In einem der wohl allerletzten großen NS-Prozesse in Deutschland ist der frühere SS-Mann Heinrich Boere zu lebenslanger Haft verurteilt worden. Das Aachener Landgericht sprach den 88-Jährigen am Dienstag des dreifachen Mordes für schuldig. Der Vorsitzende Richter Gerd Nohl sagte zu der Erschießung der niederländischen Zivilpersonen im Jahr 1944 in Breda, Voorschoten und Wassenaar bei Den Haag: "Es waren Morde, die an Niederträchtigkeit und Feigheit kaum zu überbieten waren - außerhalb der Anständigkeit eines jeden Soldaten."
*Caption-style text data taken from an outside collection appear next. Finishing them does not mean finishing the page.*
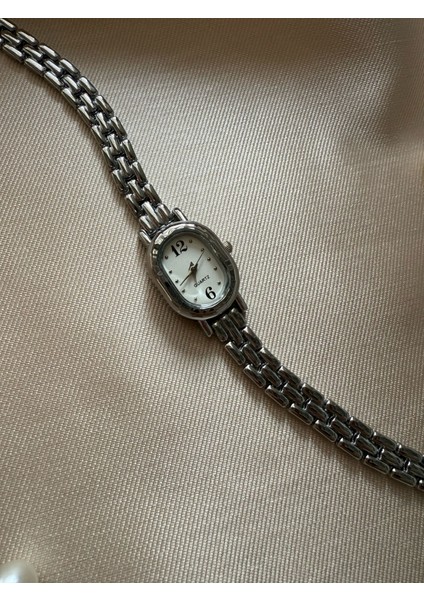 Retro Minimal Boncuk Kordon Vintage Kadın Kol Saati fırsatları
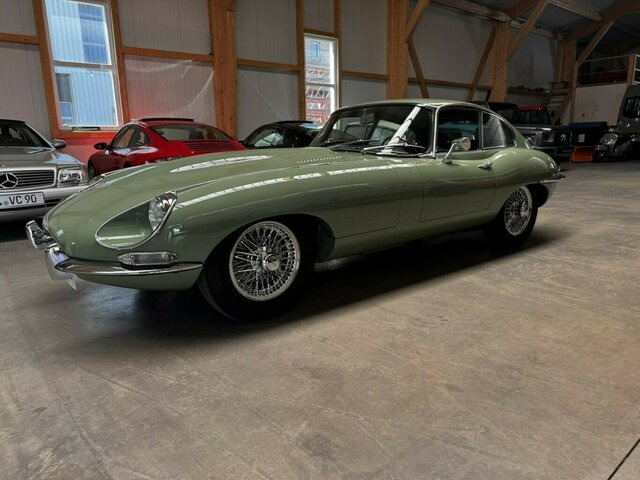 JAGUAR E-Type 4.2 Litre Series 1.5 FHC makellos... - Automobil: Foto 4 JAGUAR E-Type 4.2 Litre Series 1.5 FHC makellos... - Automobil: Foto 4
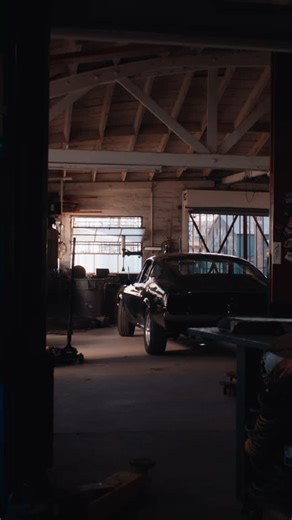 MVMT on Instagram: "The new racing chronograph inspired by LA’s most iconic stretch of asphalt. This is the Mulholland Collection. • • • #mvmtwatches #mulholland #menswatches"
Das Gericht folgte mit seinem Urteil der Forderung der Staatsanwaltschaft. Die Anklagebehörde hatte die Taten als heimtückische und meuchlerische Morde bewertet. Boere, Sohn einer Deutschen und eines Holländers, sei ein überzeugter Nazi gewesen und habe als Spion im Widerstand Landsleute ans Messer geliefert. Boere hatte die 19 Prozesstage im Rollstuhl sitzend verfolgt. Er hatte so gut wie nichts selbst gesagt.
"Habe gelernt, Befehle auszuführen"
Boere hatte
vor Gericht die Tötungen zugegeben. In einer von seinem Verteidiger
verlesenen Erklärung beteuerte der Angeklagte allerdings, als Mitglied des
SS-Killerkommandos "Feldmeijer" der "Germanischen SS in den Niederlanden" in
Befehlsnotstand gehandelt zu haben. Er habe damals nicht in dem Bewusstsein
gehandelt, ein Verbrechen zu begehen. "Als einfacher Soldat habe ich
gelernt, Befehle auszuführen, und wusste, dass ich bei Nichtbefolgen eines
Befehls meinen Eid brechen und selbst erschossen werden würde",
argumentierte er.
Boeres Verteidiger hatten die Einstellung des Verfahrens verlangt - oder im Falle einer Verurteilung eine Höchststrafe von sieben Jahren. Ihr Mandant sei für seine Taten bereits nach Kriegsende in den Niederlanden verurteilt worden. Der Prozess verstoße damit gegen des Verbot der Doppelverfolgung. Boere hat die damals verhängte Strafe allerdings nie verbüßt. Trotzdem dürfe er nicht noch einmal verurteilt werden, hatten die Verteidiger mit Hinweis auf die neue Grundrechte-Charta der EU argumentiert. Bei einem Schuldspruch müssten Mediziner zudem den 88-Jährigen erst für haftfähig erklären.